A recent news article published in the Tanker Operator reveals that DNVGL shares a piece of information on how maritime will make energy transition.

Over the long term, DNV GL sees that ammonia and methanol are very promising fuels, both being zero or low carbon (NH4 / CH30H).

LNG and Marine Gas Oil (MGO)

Over the medium term, LNG and Marine Gas Oil (MGO) made using biofuel or electrolysis from renewable electricity can be used as transitional fuels, as low carbon fuels which can work with our current vessels and infrastructure.

“Installing a duel fuel (LNG / liquids) engine is a robust choice for today enabling future flexibility,” he said.

The industry is currently going through a period of big innovation and introduction of digitalisation, at the same time as the push to decarbonise.

“We are seeing the maritime community at large really challenging the old ways of working,” he said. “We have to grasp this grand challenge.”

Don’t hate gas

One of the biggest risks to maritime decarbonisation are people who think we should only change once we have the perfect solution, rather than adopt solutions which are better but not perfect, like gas power, Mr Ørbeck-Nilssen said. “Perfect is the enemy of the good.”

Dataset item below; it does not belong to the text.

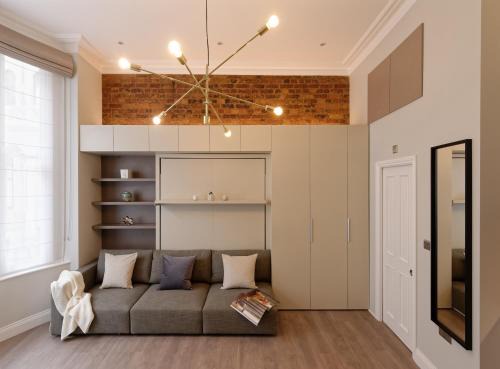 Queen's Gate Apartment | Kensington Apartments by Kirei House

“Decarbonisation in shipping is a voyage,” he said. “Navigating to a carbon neutral future really starts with gas. Gas is the best fuel choice for the next 1 or 2 vessel generations.”

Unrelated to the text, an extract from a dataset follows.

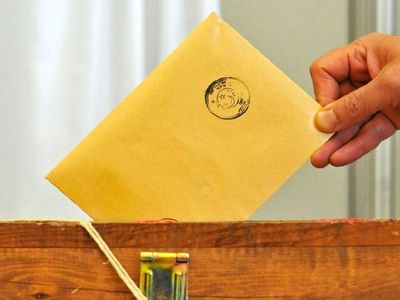 Cumhurbaşkanı adaylığında rekabet kızışıyor: 7 ismin 100 bin imza yarışı sürüyor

“We must also relentlessly explore other solutions, but waiting for the perfect choice will not really help to deal with global warming.”

We are at a stage where shipping must prepare for and start on a decarbonisation pathway.

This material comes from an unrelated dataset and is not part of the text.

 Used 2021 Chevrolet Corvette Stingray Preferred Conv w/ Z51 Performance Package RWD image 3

This decade is going to be instrumental in getting that kicked off. We need a massive scale up of new technologies and better fuel alternatives.

There are sceptics about LNG fuel, saying that since if it cuts emissions by 20 per cent, it does not reach anybody’s target, whether 100 per cent or 50 per cent decarbonisation.

“I think it’s important for every ship and yard and engine manufacturer to move along – it is important that we start,” he said. “We start with something which is proven, familiar, gives 20 per cent reduction in CO2 emissions.”

Localism

Another obstacle is “localism,” he said, such as the European Union bringing shipping into its Emission Trading Scheme.

Shipping requires international regulations. We see local and regional law makers are increasingly demonstrating impatience and distrust with the IMO’s progress.

There is a danger that there will be an increasing patchwork of localised regulations – on CO2, biofouling, scrubber water discharge.

“The European parliament is debating and supporting to bring shipping into the emission trading system.”

Collaboration

Moving forward would need more collaboration. “This is at the very key of finding the solution – how can a very fragmented industry like maritime come together in bigger entities with more power to drive new solutions,” said Mr Ørbeck-Nilssen

There’s a natural collaboration space between manufacturers, yards, owners.  But also the owners of the goods to be transported (charterers), banks, financiers, and not least also some of the tech companies – that lie on the boundaries of the maritime industry.

In academia there’s a lot of interesting work going on. Class societies are a natural bridging between industry and academia.

Two main pathways

Tore Longva, maritime principal consultant regulatory affairs at DNV GL, and the lead author of the study, sees two main pathway options for the energy transition.

The first pathway is the set out by IMO for a 50 per cent reduction by 2050. The second is a more ambitious pathway, to decarbonise shipping by 2040, which takes onboard shipping being included in the EU Emissions Trading Scheme from 2022, and having its CO2 targets increased from 2030, along with pressure from other areas to decarbonise.

For example, if we follow the IMO’s pathway, and see low renewable energy prices, this would make “electro fuels” favourable, and probably ammonia, which is easier to store than hydrogen.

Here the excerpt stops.